Artificial intelligence (AI) is increasingly embedded in diagnostic, administrative, and clinical decision support systems across health care settings [1,2]. From radiological image analysis to predictive risk stratification and generative documentation tools, AI technologies are reshaping how clinical information is processed and applied. As these systems become more integrated into routine practice, medical education must evolve to ensure that graduates can critically appraise, interpret, and responsibly use AI-enabled tools in patient care [3,4].

Despite AI’s rapid expansion in health care, structured AI education remains limited within UK medical training programs.

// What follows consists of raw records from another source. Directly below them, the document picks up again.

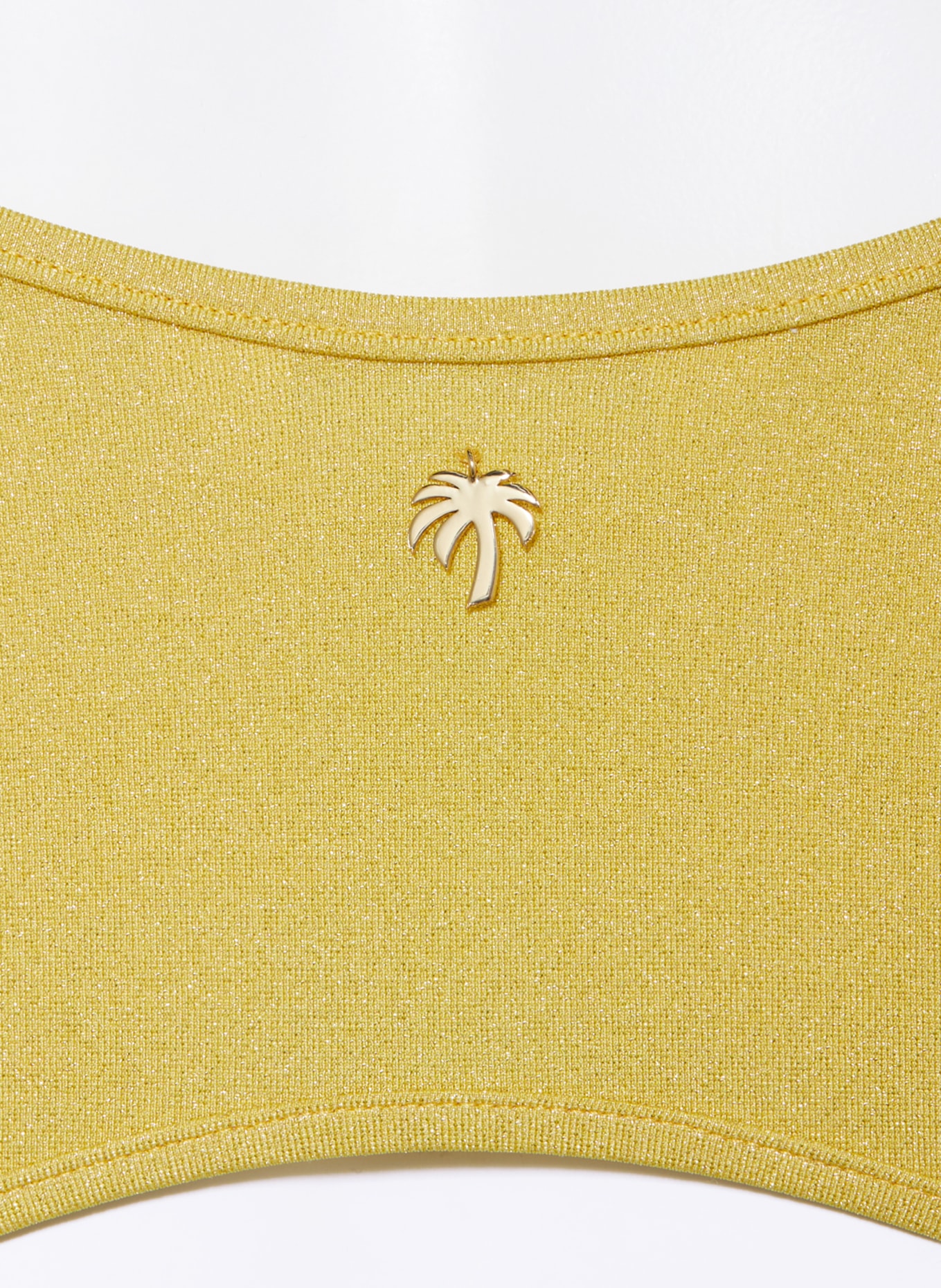 Palm Angels Bralette bikini top with glitter thread, Color: DARK YELLOW (Image 5)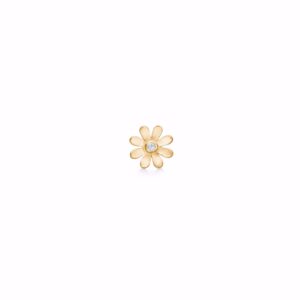 Seville jewelry blomster ørering i forgyldt sølv med zirkonia sten 11370f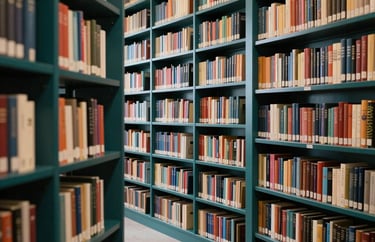 A serene library setting in the US, with tall shelves of books and a peaceful reading area, featuring deep teal accents and warm lighting.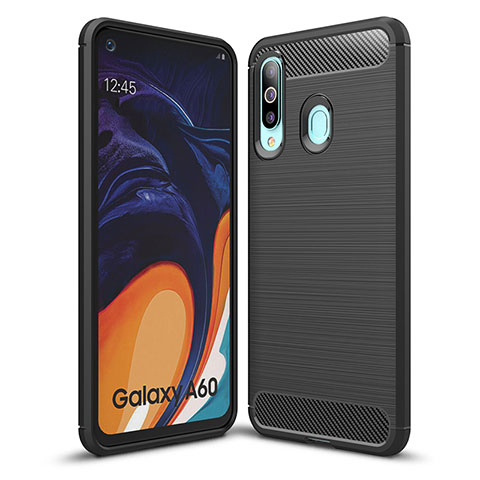 Samsung Galaxy A60用シリコンケース ソフトタッチラバー ライン カバー WL1 サムスン ブラック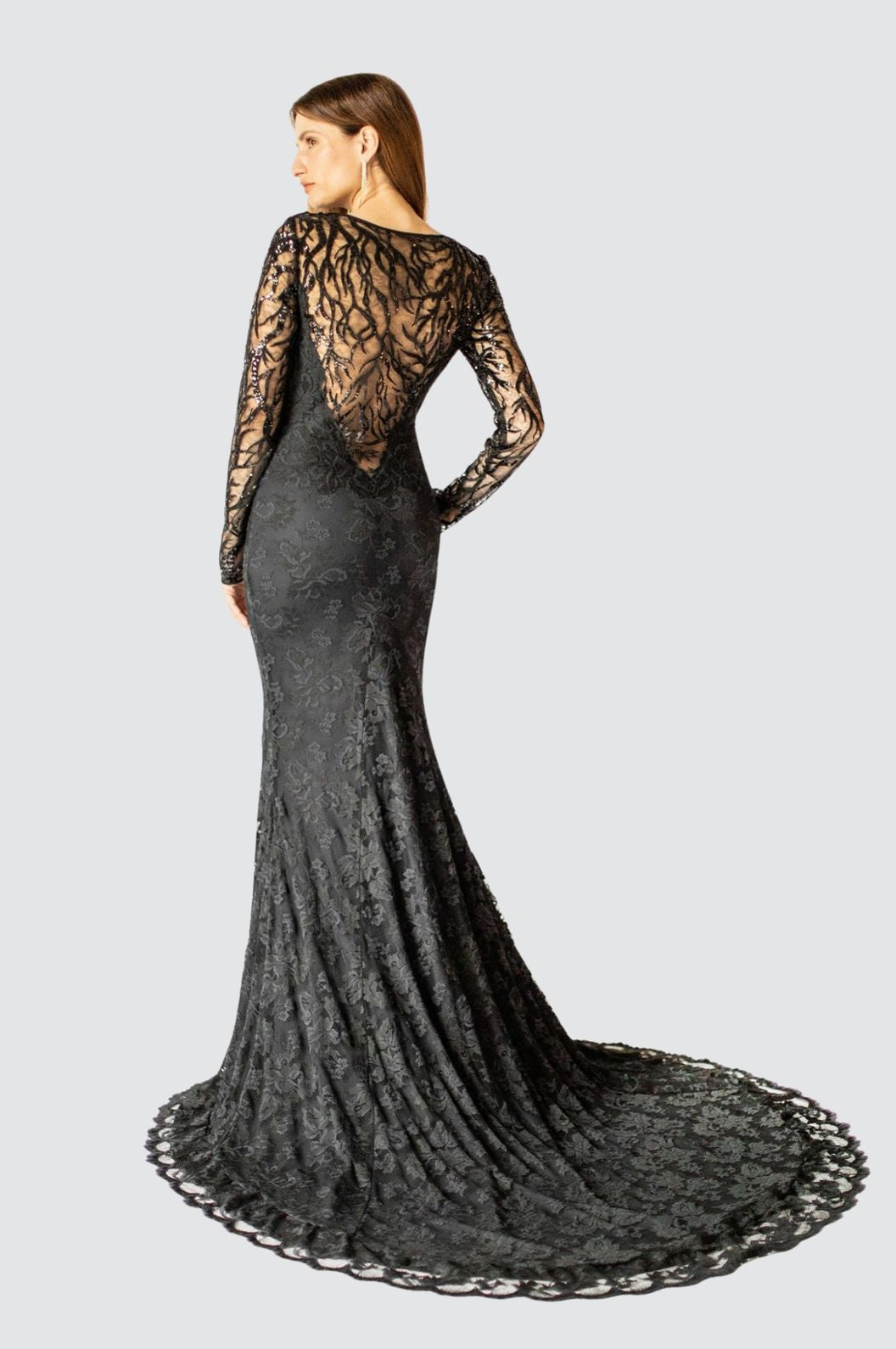 Noir Elegance Meerjungfrauenkleid aus Spitze mit luxuriöser Schleppe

A recent national survey reported that 88% (432/484) of UK medical students recognized the importance of AI in health care yet only a minority had received formal instruction, highlighting a significant educational gap [5]. This shortfall extends into postgraduate training: in another UK-based survey, 92% (193/210) of trainees felt that AI training in their current curricula was insufficient, and 81% (170/210) of trainees emphasized the necessity of formal AI education [6]. These findings suggest a growing disconnect between technological advancement and educational provision.

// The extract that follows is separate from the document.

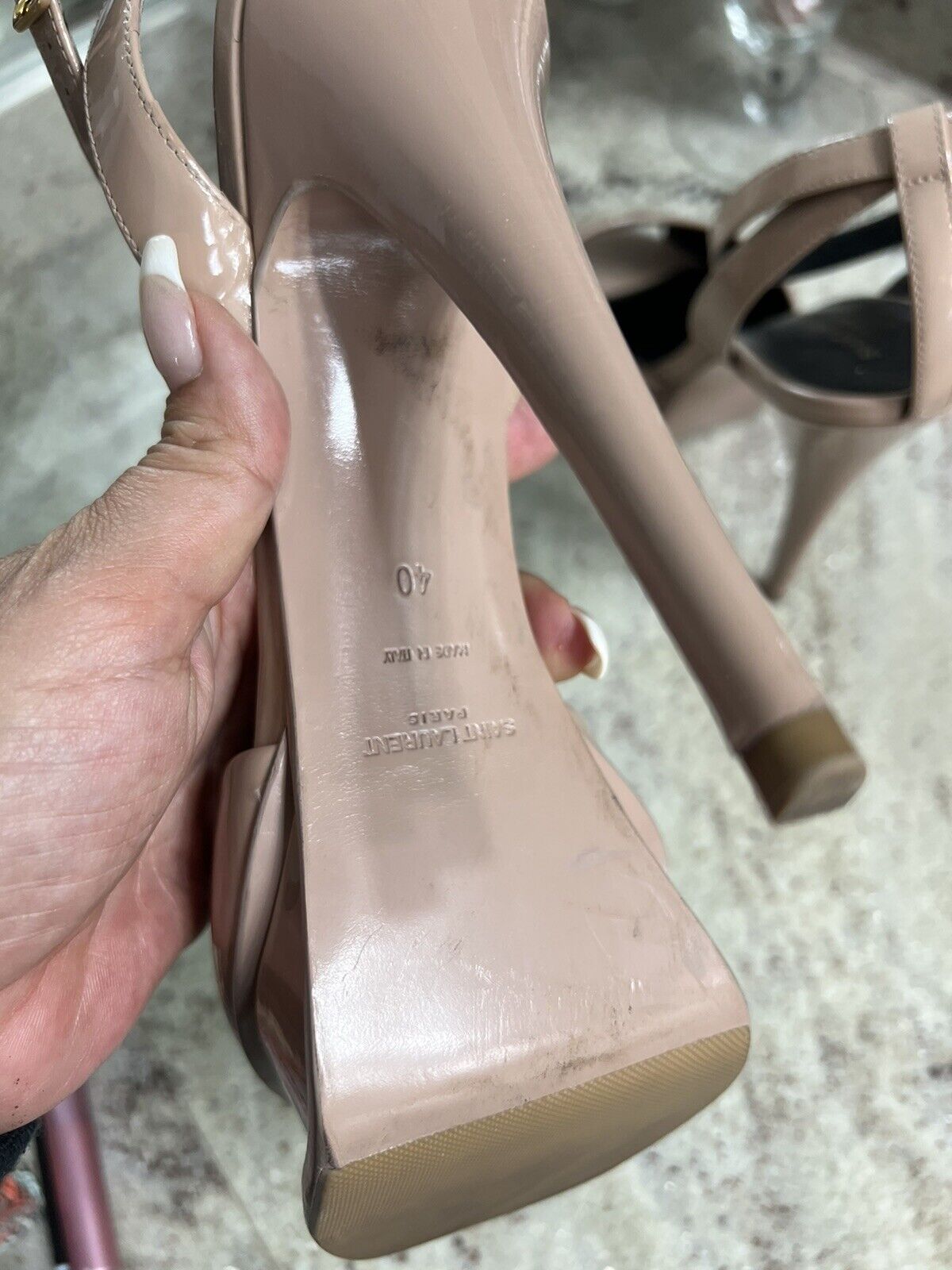 Yves St Laurent Tribute Shoe Nude  Patent High He… - image 10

Addressing this gap requires more than informal exposure to digital tools. It demands the development of AI literacy, defined in this viewpoint paper as the foundational knowledge, critical appraisal skills, and ethical understanding required to interpret AI outputs, recognize their limitations, communicate their implications to patients, and maintain professional accountability when using AI-supported systems. Therefore, AI literacy encompasses not only technical awareness of concepts such as machine learning and data bias but also the professional judgment necessary to integrate AI safely into clinical reasoning.

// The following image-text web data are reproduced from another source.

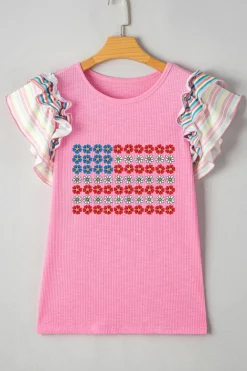 Hot Dear-Lover Flower Graphic Striped Ruffled Short Sleeve Ribbed Knit Top Bonbon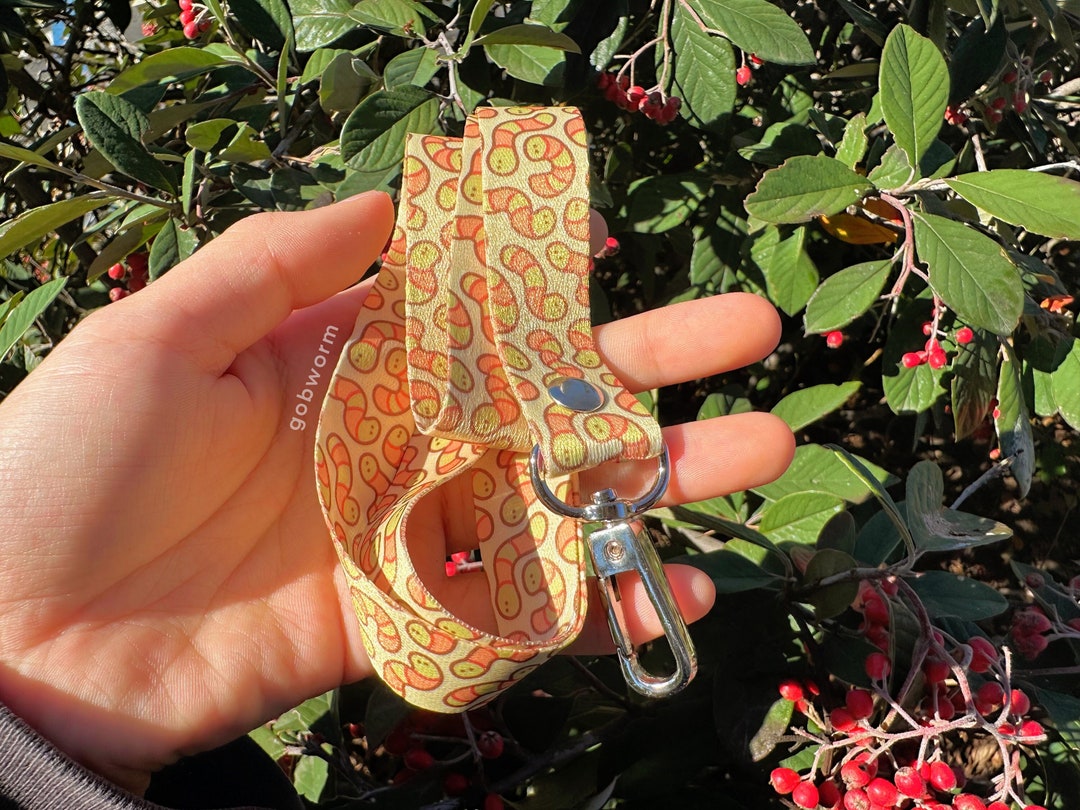 Worm Lanyard Cute Yellow Gobworm Insect Lanyard for Keys or ID Badge ...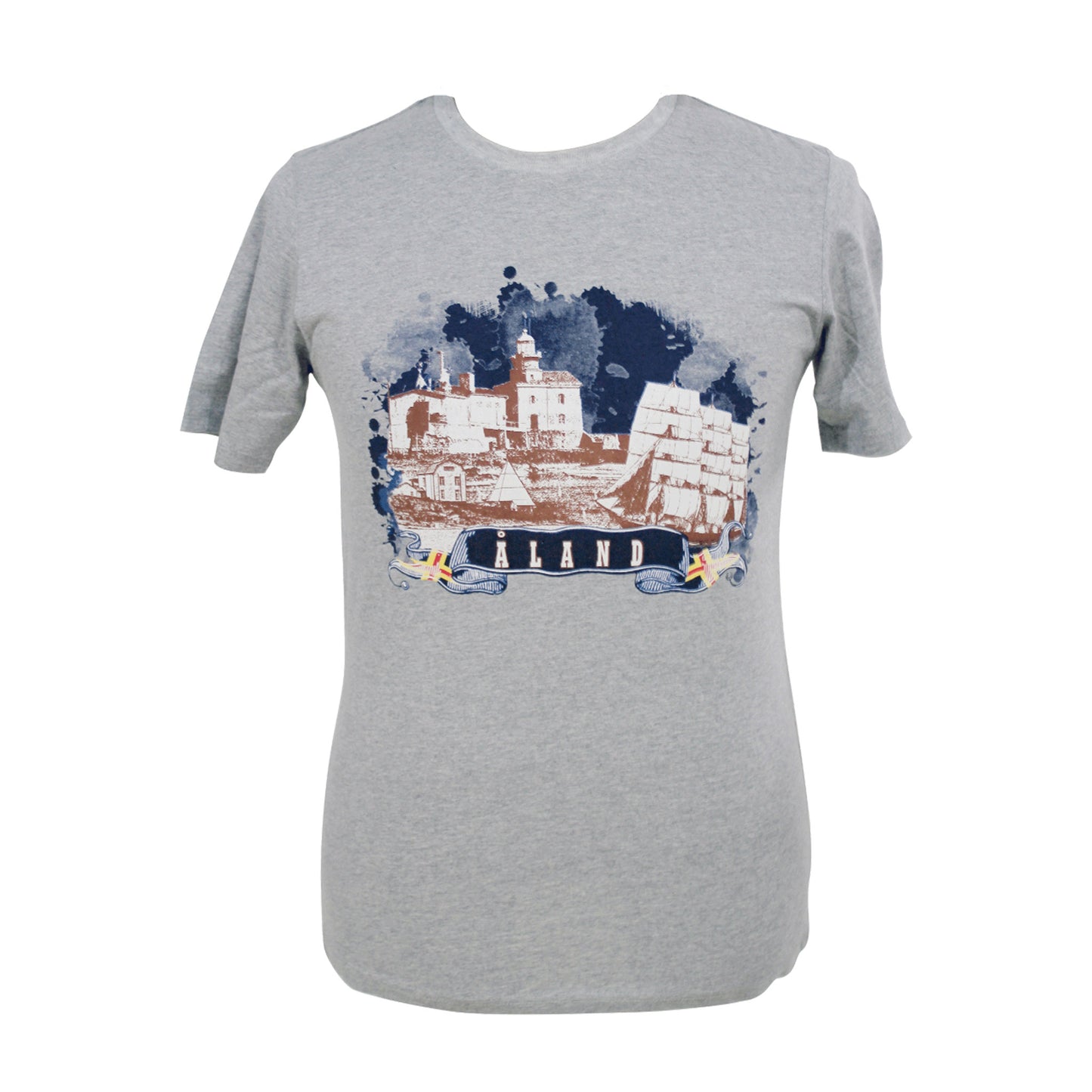 Gråmelerad vuxen T-shirt med diskreta tryckfärger som visar sevärdheter från Åland, inklusive Pommern, Kobba Klintar och Märket.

Research consistently highlights the importance of equipping future clinicians with competencies that enable safe and effective engagement with AI technologies. These competencies, outlined in Figure 1, include foundational technical knowledge, ethical awareness, critical evaluation skills, and applied clinical judgment [7]. However, while numerous publications have discussed AI applications in health care and emerging educational initiatives, few have provided a structured, UK-specific synthesis that integrates international models, regulatory considerations, and competency-based curriculum reform into a unified framework. Existing literature often examines individual teaching interventions or isolated institutional initiatives without systematically analyzing their transferability to centrally regulated systems such as the United Kingdom.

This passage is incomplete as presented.